Hanging up on him and ignoring him is the only strategy.

Yes, once the sale is complete and she is clear of whatever happens next. The only thing to be wary about is if D&D get investigated and try to use the excuse that the mileage was rolled back before they bought the car - but if there’s an ad or a notary document which can contradict this, so much the better. All Bob is going to do by going to the police is confirm her version, that the car was advertised by her with the high mileage.

(What the heck kind of car has 300,000 miles and is worth that much? I’m reminded when I was with my dad and his 1968 Jaguar rolled over to 0 - I asked if that was 200,000 or 300,000 and he said he couldn’t remember. Then he moved back to Toronto a while later and he could no longer license it, because a safety inspection found the underside far too badly rusted. )

I looked for used Rolls-Royce prices. Nothing I found had that many miles on it but they don’t seem to hold their value all that well. There are some used cars out there with ridiculous resale prices, but not with that many miles I’ve ever heard of.

Like this?

2012 Toyota Camry LE with standard equipment and typical condition, 300K miles, zip code 67201 (Wichita, KS), has a trade-in value around $4800 (range $4186 to $5493) per Kelley Blue Book; the private party sales value is around $6K, so I have no problem believing a dealer might ask even more.

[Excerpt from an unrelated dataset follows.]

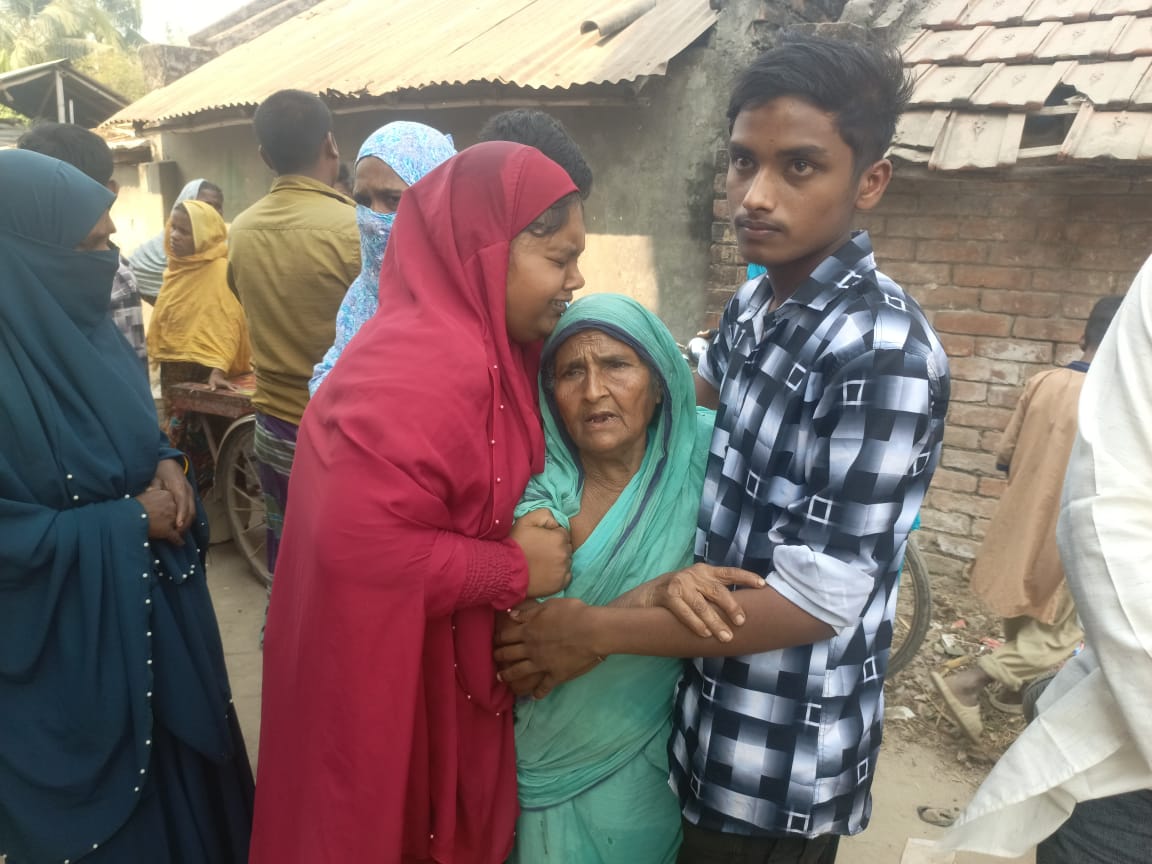 কান্না থামছে না রফিকের বৃদ্ধা মায়ের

Here’s a similar car, 2012 Camry, 299,479 miles, dealer is asking $8995 in Des Moines.

That’s a very popular model, holds its value well, parts readily available.

Ah thanks… I assume if you live in a place like Kansas, your daily commute could possibly be in the order of dozens of miles, not my daily 5 to 10 miles… Depending on road conditions, that highway miles could be pretty easy on a car - not like some notorious pothole cities.

Before the internet. I searched by driving to wrecking yards.

She listed the correct 300k on the title, and took photos of the dashboard and also the forms they filled out. She’s always precise and honest about such things. There isn’t anything she did wrong or that she is worried about. The only unknowns are the other people doing something illegitimate or worse.

Bob must think that the original seller is working with the scammers who bough it. Bob thinks he is doing his civil duty to catch the scam artist who is selling the exact same car and not looking for a payoff. Bob does not know that the car was sold legit and the new sellers are the scammers, but assume this is part of the original plan to sell the car, but make it look lower millage than it is. That’s what I think.

Unless this car is so old it had a mechanical odometer, 300,000 to 150,000 doesn’t make much sense. With an electronic odometer, you roll down 300,000 to 200,000 or 100,000.

Unless they “rolled back” by replacing the entire instrument panel unit. Depending on exactly how it works, it might read whatever the mileage was on the car it was removed from-- probably not-- it probably gets a signal from the engine, and reads the real mileage from that engine. But it really depends on how new, and how high up the model was.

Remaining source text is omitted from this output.